# Advice on a new AR,



## pic (Nov 14, 2009)

There are many out there,, don't know what's what, and what to look for. I'm fine with iron sights.
Quality, reliability , thanks


----------



## Blackhawkman (Apr 9, 2014)

I would research well and then decide what you want to do with a new AR. There are also many options as far as Optics, rail mounts, barrel config? I like Rock River Arms & Ruger. I have an HK556 that I really like ALOT, too. Good luck in your search.

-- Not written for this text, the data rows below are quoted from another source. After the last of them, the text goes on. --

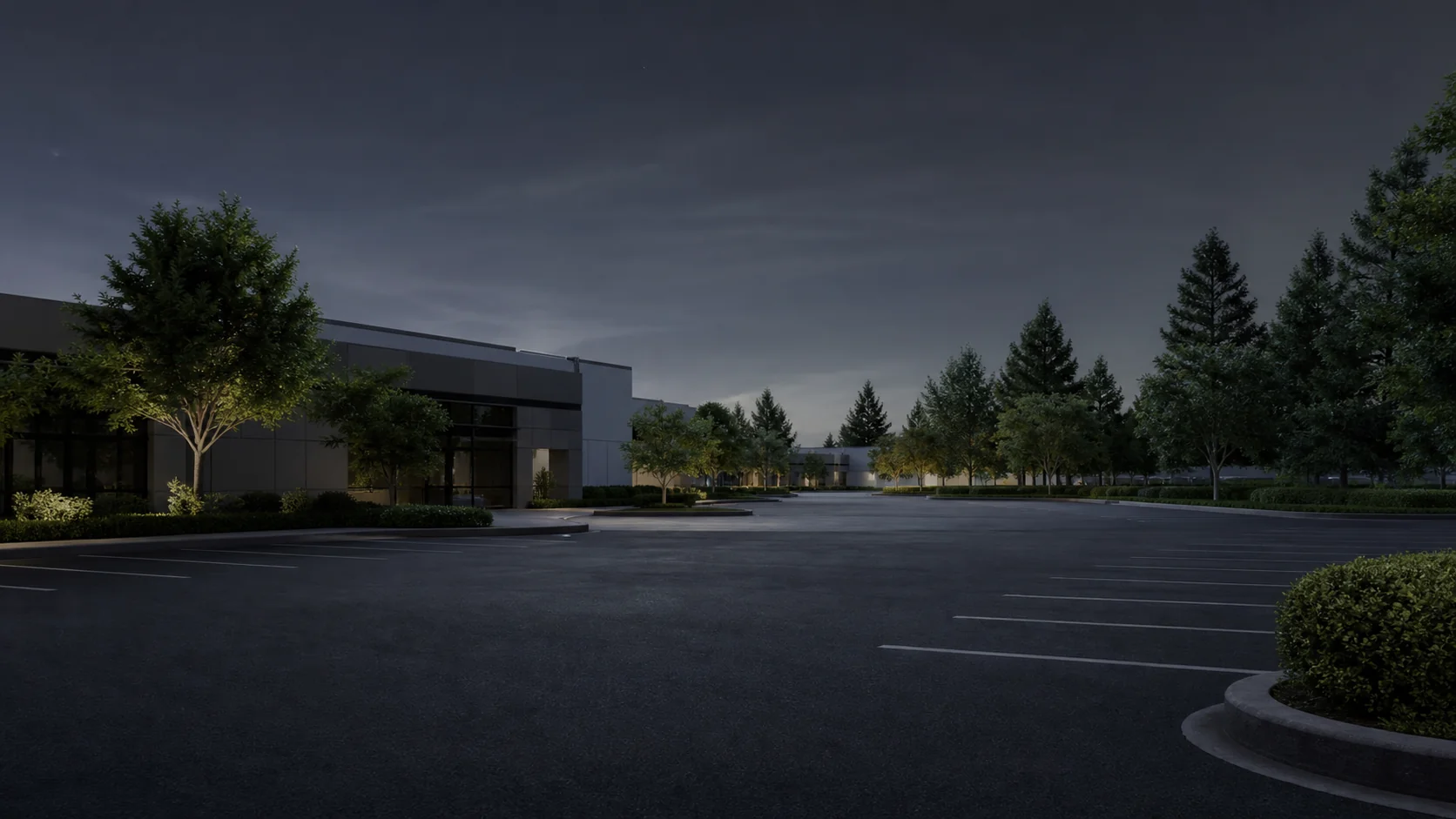 Parking commercial au crépuscule — visualisation d’application.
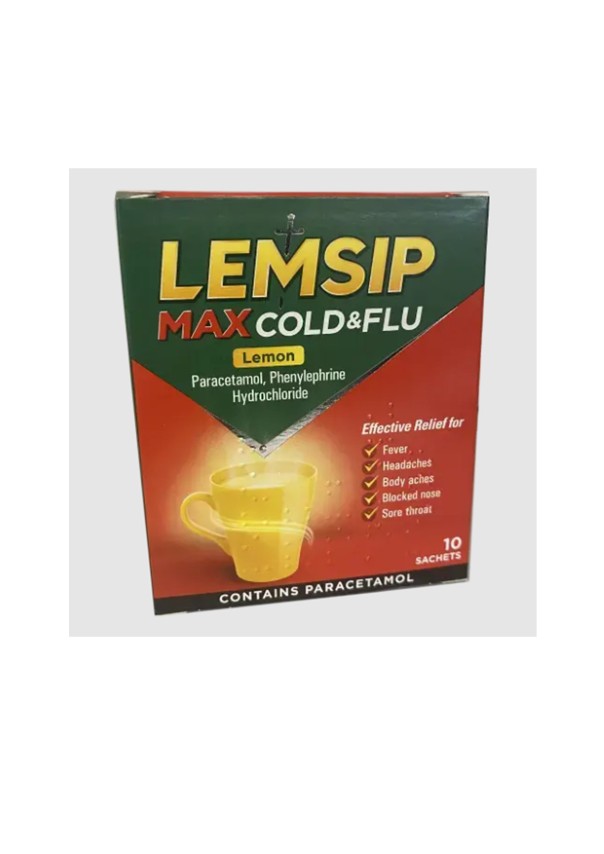 LEMSIP MAX COLD & FLU LEMON SACHETS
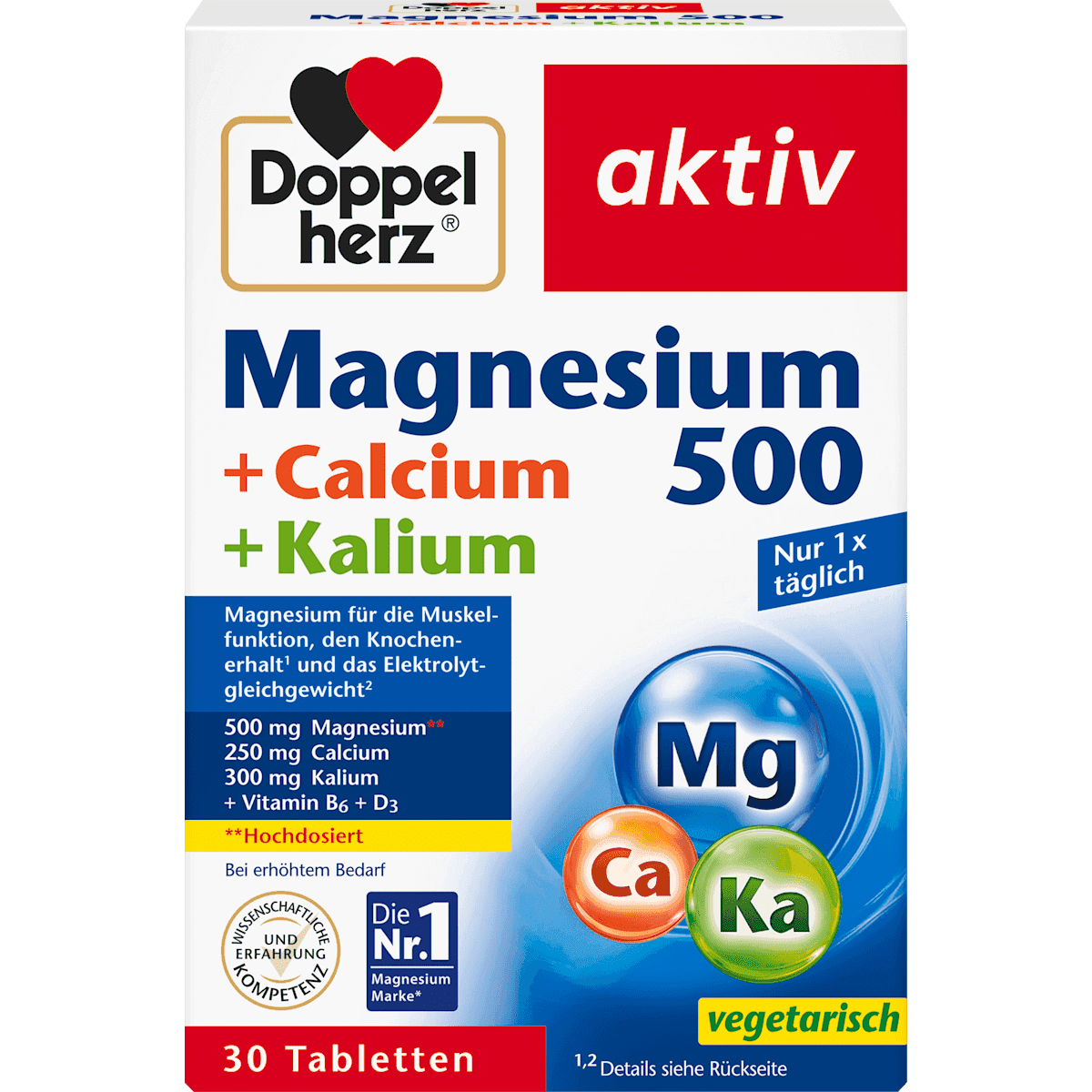 Doppelherz Magnésium 500 + Calcium + Kalium comprimés 30 pièces, 69,6 g — produit allemand authentique au Maroc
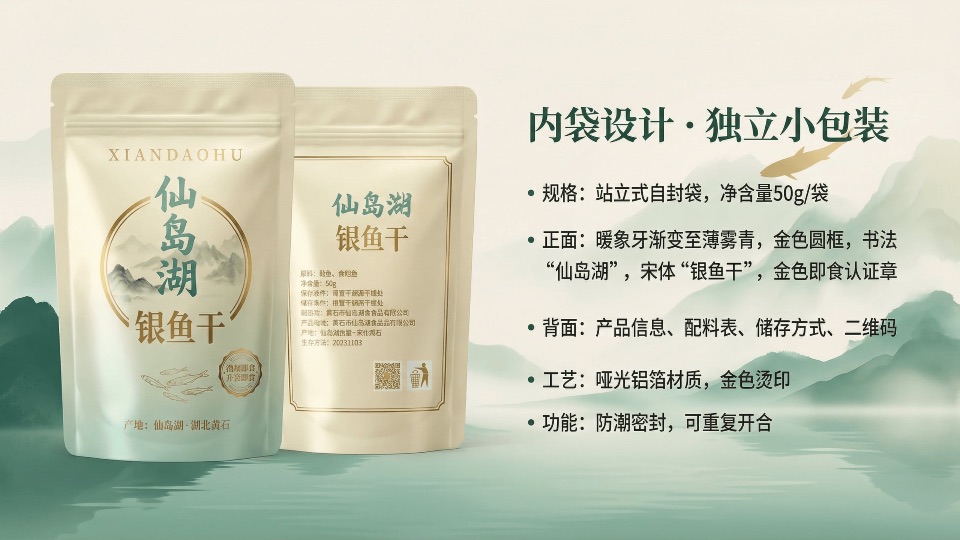 仙岛湖银鱼干品牌包装视觉设计项目展示图8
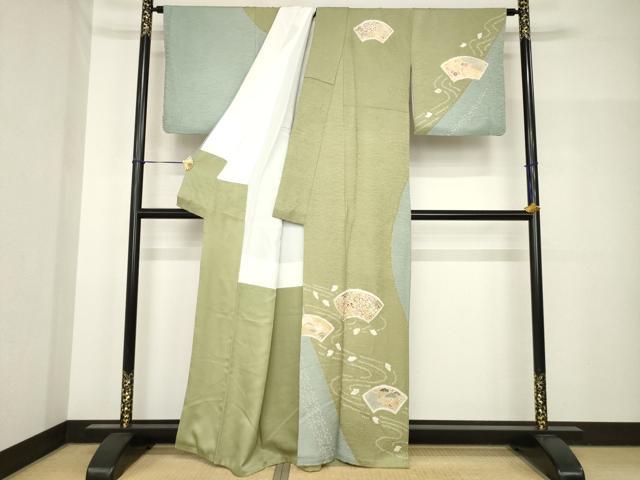 平和屋着物●訪問着　駒刺繍　絞り　流水地紙花文　金彩　正絹　逸品　AABH8461ck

Let us know what you decide?


----------



## pblanc (Mar 3, 2015)

It would help if you could give an idea of your price range and how you plan to use it.

I am no expert on ARs but having researched the issue and having recently purchased one, I do have some opinions. 

I think the majority of new AR 15 owners would be well-served by a good quality, entry-level rifle such as the Smith and Wesson M&P15 Sport II, or the Ruger AR556. Such a rifle provides a good platform for learning the AR 15 design, structure, and function without sinking a ton of money. These are widely available for around $600, or sometimes less on sale.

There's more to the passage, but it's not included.